Marie Curie nació hoy (ya ha pasado una vida entera y casi un siglo) cuando Varsovia todavía no era París ni los almendros relucían en la calle Sancellemoz.
Era la menor de los cinco hijos del doctor Skodolowski y enseguida se hizo valer entre los brazos de su abuela, los mismos que albergaban las teclas de un piano de negra caoba recluído en la casa familiar llena de luz y ventanales.
Fue el aire de esa casa el que dejó escapar la vida de su madre y de su hermana entre tuberculosis y pena, y la llevó de la mano hacia la rebeldía, la concentración, el desencanto, la rabia y el coraje.
Sus dientes fueron capaces de dentellear entre libros para volar hacia la libertad.
Su mirada indagó más allá de lo que le permitían los hombre de gris que pagaban su mediocridad con cargo a sus propias frustraciones.
Su obstinación la llevó a lomos de un pájaro de plumas de terciopelo hasta los brazos débiles y profundos de Pierre, que tras casarse con ella le propuso comprarse dos bicicletas e irse a recorrer Francia, sin que importase el mañana.
Ella dijo sí con beso interminable que duró tres meses.
El 25 de junio de 1903 Marie Curie defendió su tesis doctoral, "Investigaciones sobre las sustancias radioactivas y la fenomenología de los abrazos" frente a un Gabriel Lippmann que no salía de su asombro.
Su voz retumbó en la crujiente madera carcomida por el tiempo de la Facultad de la Sorbona.

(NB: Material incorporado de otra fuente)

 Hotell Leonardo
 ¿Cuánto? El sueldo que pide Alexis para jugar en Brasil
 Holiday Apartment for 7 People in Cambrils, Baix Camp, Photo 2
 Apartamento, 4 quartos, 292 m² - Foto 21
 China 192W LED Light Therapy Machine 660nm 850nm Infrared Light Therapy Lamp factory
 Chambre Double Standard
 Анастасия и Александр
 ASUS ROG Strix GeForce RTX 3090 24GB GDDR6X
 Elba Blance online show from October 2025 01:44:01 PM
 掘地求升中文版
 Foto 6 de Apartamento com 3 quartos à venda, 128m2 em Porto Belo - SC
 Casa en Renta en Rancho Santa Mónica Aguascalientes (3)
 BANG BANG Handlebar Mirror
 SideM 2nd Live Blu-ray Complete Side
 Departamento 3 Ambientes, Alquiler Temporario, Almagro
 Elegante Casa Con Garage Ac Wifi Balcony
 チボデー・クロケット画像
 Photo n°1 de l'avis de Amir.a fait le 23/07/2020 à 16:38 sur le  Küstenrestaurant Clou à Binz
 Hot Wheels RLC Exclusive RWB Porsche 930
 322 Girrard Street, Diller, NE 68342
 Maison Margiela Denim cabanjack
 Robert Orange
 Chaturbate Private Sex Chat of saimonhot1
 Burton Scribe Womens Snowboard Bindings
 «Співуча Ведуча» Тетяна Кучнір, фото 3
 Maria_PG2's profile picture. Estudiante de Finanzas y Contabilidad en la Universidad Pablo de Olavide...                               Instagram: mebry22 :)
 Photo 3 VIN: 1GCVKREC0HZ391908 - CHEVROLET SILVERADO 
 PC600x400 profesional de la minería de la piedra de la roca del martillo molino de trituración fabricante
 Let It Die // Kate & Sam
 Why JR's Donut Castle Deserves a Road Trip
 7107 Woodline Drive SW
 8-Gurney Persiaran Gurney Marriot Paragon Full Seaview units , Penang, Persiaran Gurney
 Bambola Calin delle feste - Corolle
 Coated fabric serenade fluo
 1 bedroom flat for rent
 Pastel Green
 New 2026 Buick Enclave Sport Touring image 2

Su mirada se introdujo por las rendijas del tiempo entre cristales, metáforas, probetas y una determinación envidiables.
Y no se quedó ahí, sino que arraigada a los suelos de la historia esperó hasta 1906 para dar, ya como catedrática, su primera lección de vida a sus alumnos.
Entre medias de aquellos dos discursos murió su marido y le concedieron el Nobel, pero la tristeza no se interpuso para que aquel corazón lograra salir hacia la superficie y respirar el aire que insufla valentía a las noches de marzo.
Como decíamos, dio su primera clase un martes 15 de noviembre, todavía con los rastros que la nevada del sábado había dejado en las soñolientas calles de un París que despertaba.
En aquellas palabras Marie estaba labrando el camino de tierra y moho que habrían de acariciar los pies de otras mujeres para lanzar dardos en forma ilusión contra los rigores de lo establecido.
Nunca quiso fumar porque le quitaba tiempo para leer poemas.
Nunca quiso la gloria porque era en el trabajo donde se expandía su alma.
Siempre en el rigor que catapultó su vida hubo honestidad y sencillez. Siempre en sus manos perduraron los aromas de aquel beso que compartió con su marido.
Y su recuerdo la llenaba de nostalgia, fuerza y avellanas.